Fenomena sosial yang makin terasa di era digital sekarang bukan hanya menimpa pusat perbelanjaan akibat perubahan tren belanja, tapi juga karena munculnya sosok-sosok yang tak disangka-sangka: Rojali dan kini, Rohana.


Siapa Itu Rojali dan Rohana?

Jika kamu pernah main ke mal dan melihat pttogel sekelompok orang hanya duduk, nongkrong, dan sesekali buka HP sambil ngemil dari bekal sendiri, bisa jadi kamu sedang melihat “Rojali” dan “Rohana”. Istilah Rojali (Rombongan Jarang Beli) dan Rohana (Rombongan Hanya Nanya) kini jadi semacam fenomena budaya populer yang mencerminkan kebiasaan sebagian pengunjung mal yang datang bukan untuk belanja, melainkan hanya untuk jalan-jalan atau mencari hiburan gratis.

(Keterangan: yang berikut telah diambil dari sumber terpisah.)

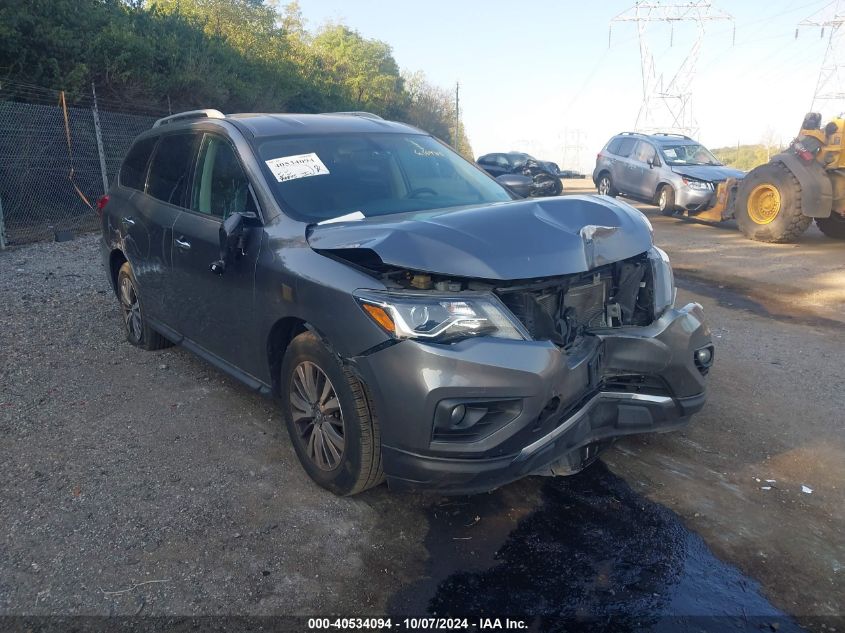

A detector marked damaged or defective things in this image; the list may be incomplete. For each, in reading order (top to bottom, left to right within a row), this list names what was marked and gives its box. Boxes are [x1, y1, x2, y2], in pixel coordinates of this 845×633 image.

Rojali biasanya datang dalam grup, kadang bawa keluarga besar, tapi jarang sekali mengeluarkan uang kecuali untuk parkir dan mungkin satu gelas es teh manis. Sedangkan Rohana lebih spesifik lagi — mereka rajin masuk toko, tanya harga, pegang barang, kadang coba sana-sini, tapi akhirnya tidak beli apa-apa. Bahkan ada yang berpindah dari satu toko ke toko lain hanya untuk “cuci mata”.


Dampaknya ke Omzet Mal

Menurut pengelola beberapa pusat perbelanjaan di Jakarta dan kota-kota besar lain, kehadiran Rojali dan Rohana memang menambah jumlah pengunjung, tapi tidak selalu berbanding lurus dengan pendapatan tenant atau penyewa toko. Banyak tenant mengeluh bahwa traffic pengunjung naik, tapi omzet tetap stagnan atau bahkan menurun. Situasi ini diperparah dengan tren belanja online yang semakin kuat, membuat banyak orang hanya menjadikan mal sebagai tempat jalan-jalan, bukan tempat belanja utama.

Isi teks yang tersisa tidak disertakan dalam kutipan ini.